From the wide verandah, built out on piles over the terrace, there was an uninterrupted view of the harbour. He climbed the four wooden stairs and on the top step turned and looked again down on to the bay. The yacht was now invisible, but in his mind he followed her slipping down toward the open sea. And Atherton—what were his thoughts while pacing the broad deck or lying in his cabin listening to the screw whose every revolution was taking him nearer the centre of his earthly happiness? Were they anything like his own, he wondered, as he stood there bareheaded in the moonlight, looking strangely big and incongruous on the balcony of the little fairylike doll's house?
He shrugged impatiently. The comparison was an insult, he thought bitterly. Again he stared out to sea, straining his eyes; trying vainly to pick up the yacht's lights far down the bay. It was very still, a tiny breeze whispered in the pines and drifted across his face the sweet perfume of a flowering shrub. A cicada chirped in the grass at his feet.
Then behind him came a faint rustle of silk. He heard the soft sibilant sound of a breath drawn quickly in.
“Will my lord honourably be pleased to enter?” the voice was very low and sweet and the English very slow and careful.
Craven did not move.
“Try again, O Hara San.”
A low bubble of girlish laughter rippled out.
“Please to come in, Bar-ree.”
He turned slowly, looking bigger than ever by contrast with the slender little Japanese girl who faced him.
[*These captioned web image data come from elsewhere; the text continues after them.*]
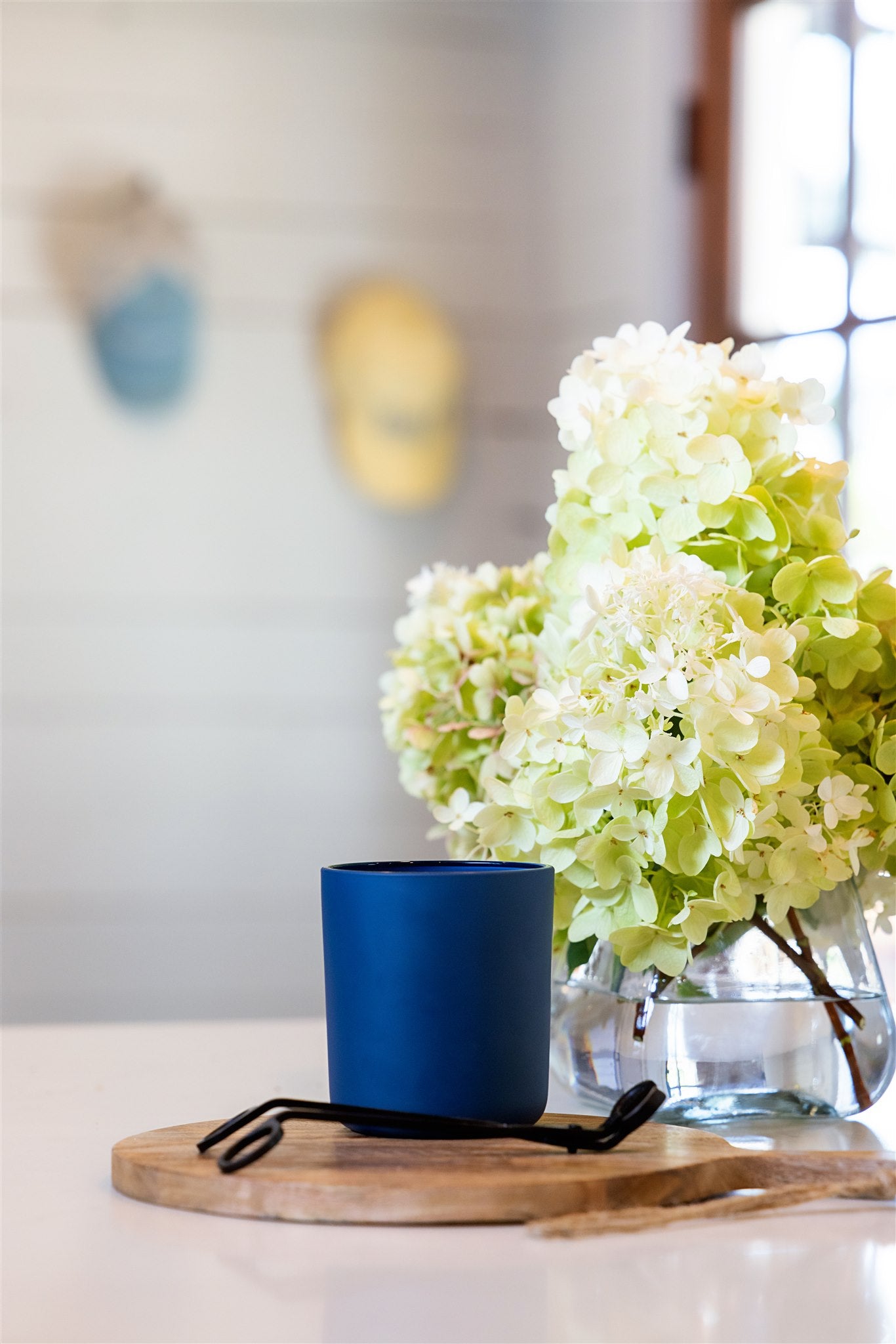 a candle with flowers on a table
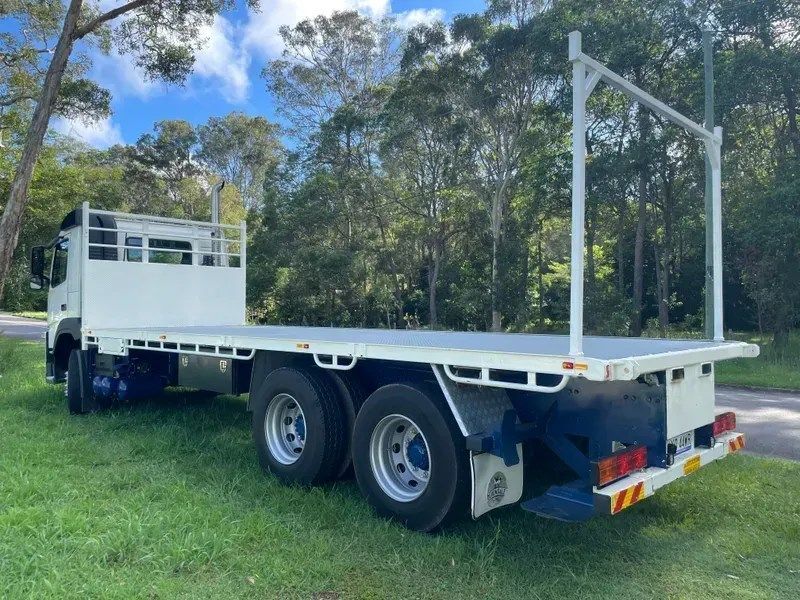 A Row of White Trucks Are Parked in a Grassy Field — Trucking Crane Trucks in Warana, QLD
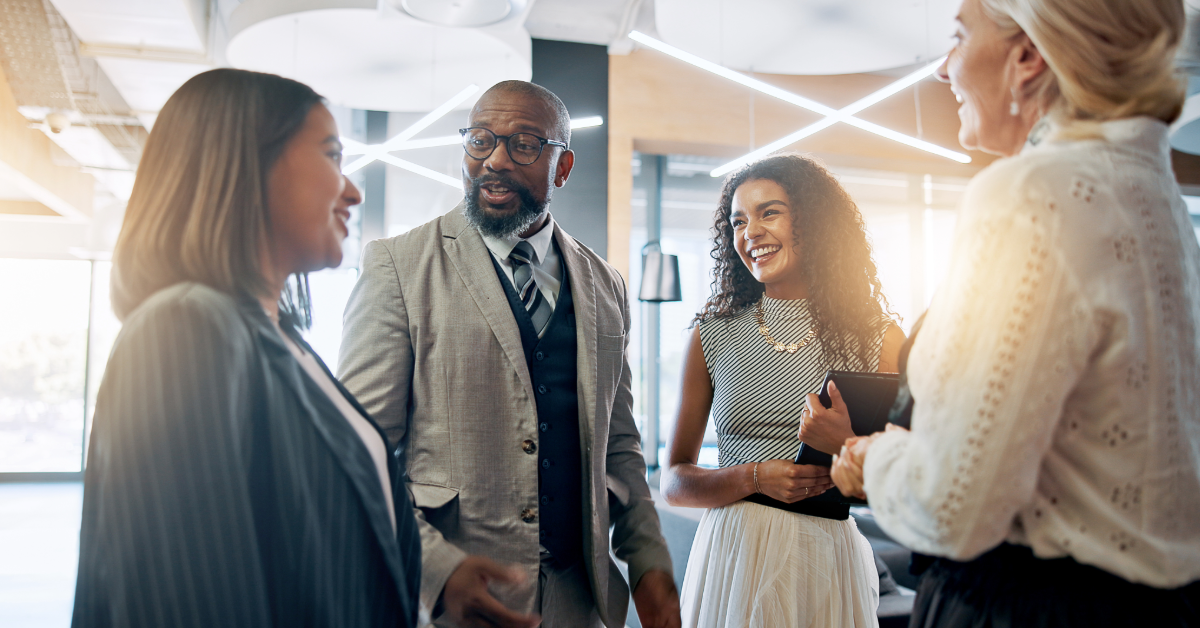 Four colleagues smile and chat in a bright, modern office space, standing in a loose circle.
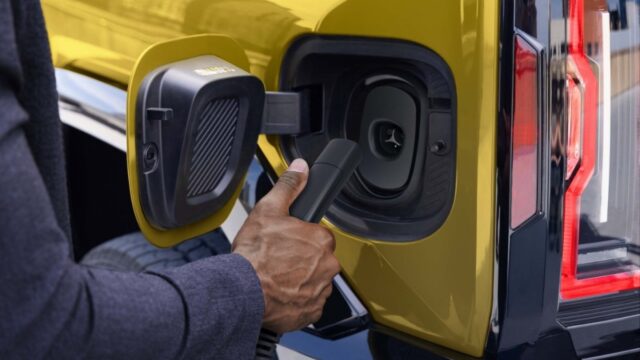 gm-2027-nacs-hummer-port Official GM photo of a NACS charger plug at the charge port of a yellow GMC Hummer EV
She was barely seventeen, dainty and fragile as a porcelain figure, wholly in keeping with her exquisite setting and yet the flush on her cheeks—free from the thick disfiguring white paste used by the women of her country—and the vivid animation of her face were oddly occidental, and the eyes raised so eagerly to Craven's were as grey as his own.
He held out his arms and she fluttered into them with a little breathless murmur, clinging to him passionately.